**Try it:**
The entire listing, reproduced exactly and stripped of images, is the expected output.
_ _ _ _ _ _ _
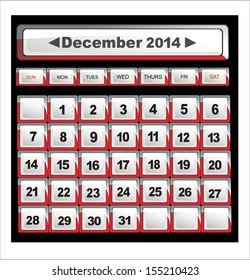 Vector calendar icons for  December 2014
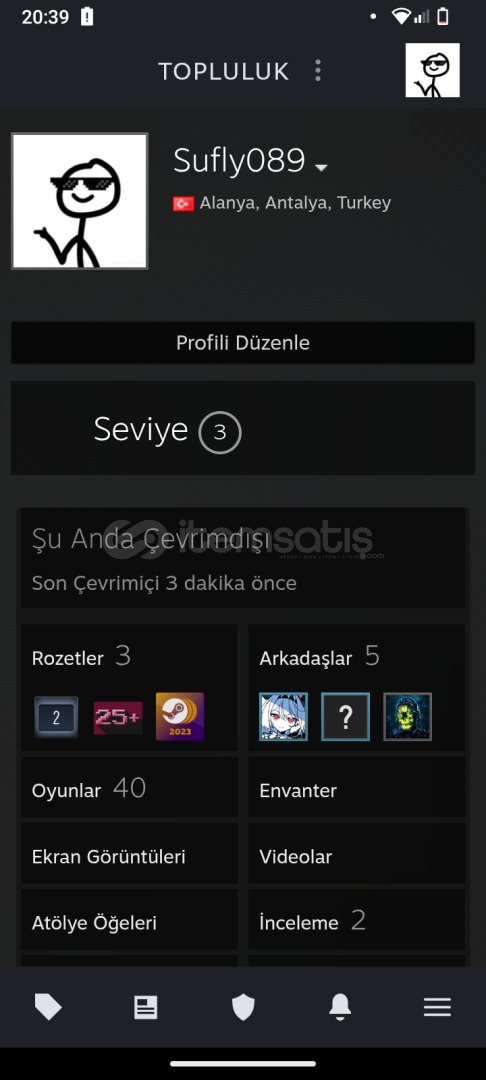 Satılık Steam hesabı  Satılık Steam hesabı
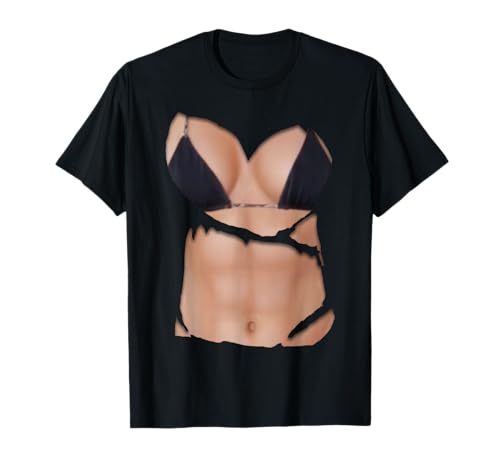 Camiseta de abdominales falsos, divertida, bikini, cuerpo, músculo, paquete de seis en 3D Camiseta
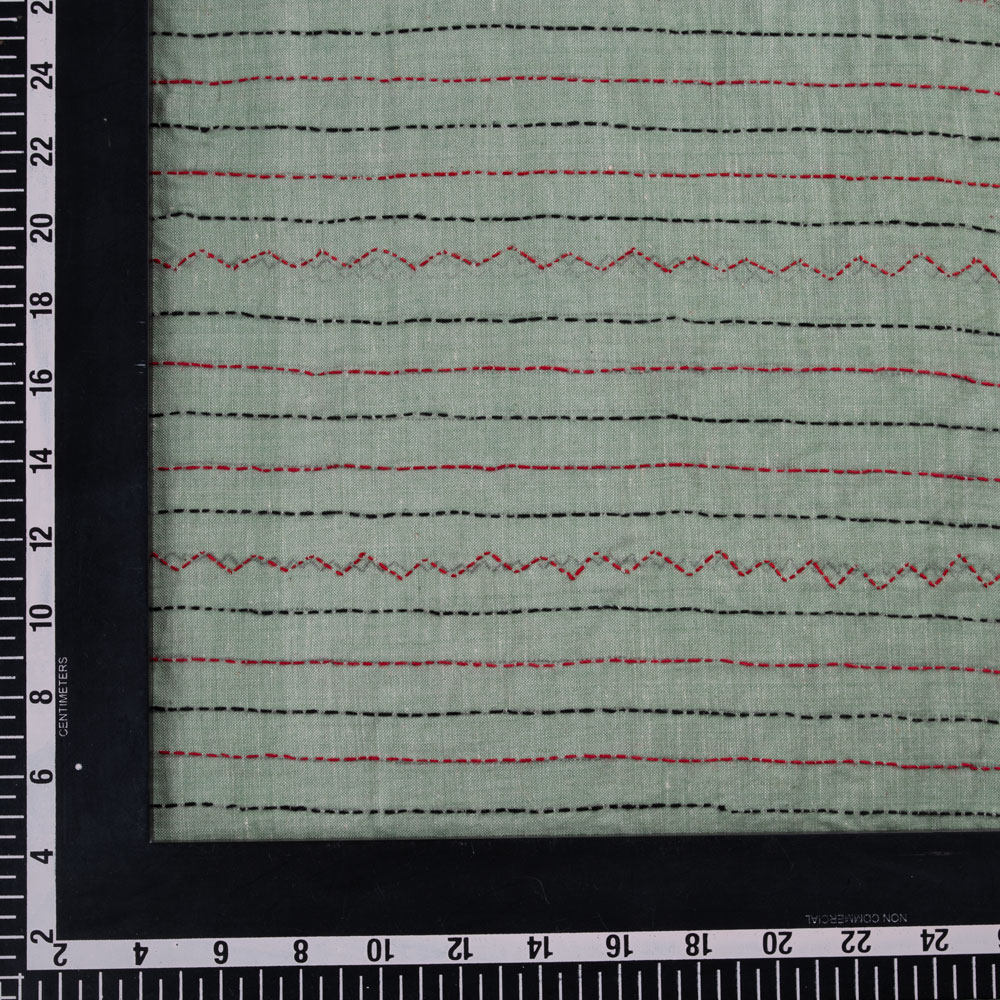 STRIPE MINT GREEN KANTHA EMBROIDERED KHADI COTTON 95 GSM HANDWOVEN FABRIC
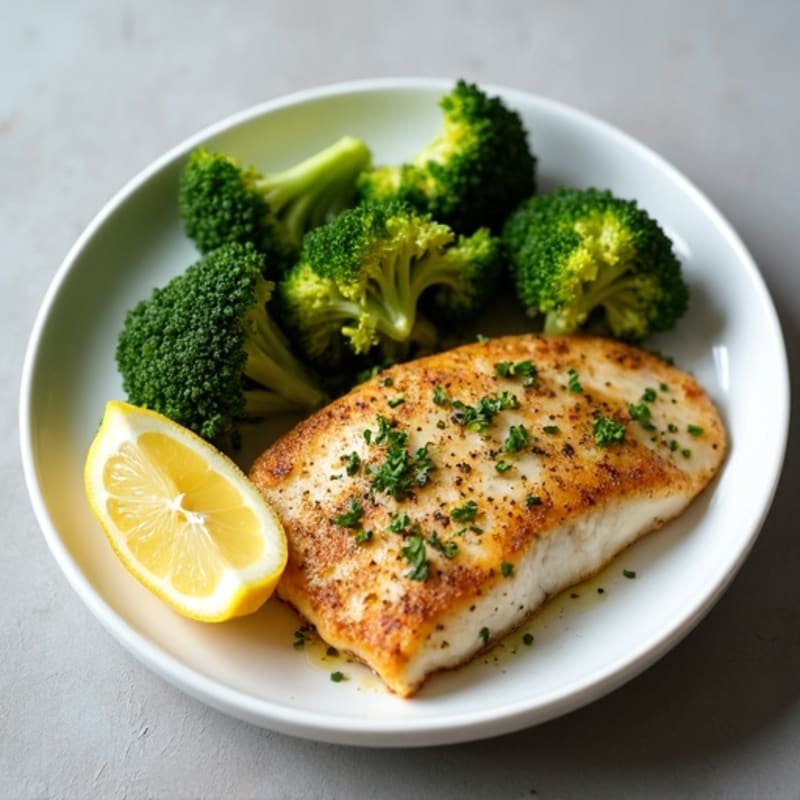 Herb-Crusted Pan Seared Tilapia with Roasted Broccoli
_ _ _ _ _ _ _
**Exercise solution:**
 Vector calendar icons for  December 2014
 Satılık Steam hesabı  Satılık Steam hesabı
 Camiseta de abdominales falsos, divertida, bikini, cuerpo, músculo, paquete de seis en 3D Camiseta
 STRIPE MINT GREEN KANTHA EMBROIDERED KHADI COTTON 95 GSM HANDWOVEN FABRIC
 Herb-Crusted Pan Seared Tilapia with Roasted Broccoli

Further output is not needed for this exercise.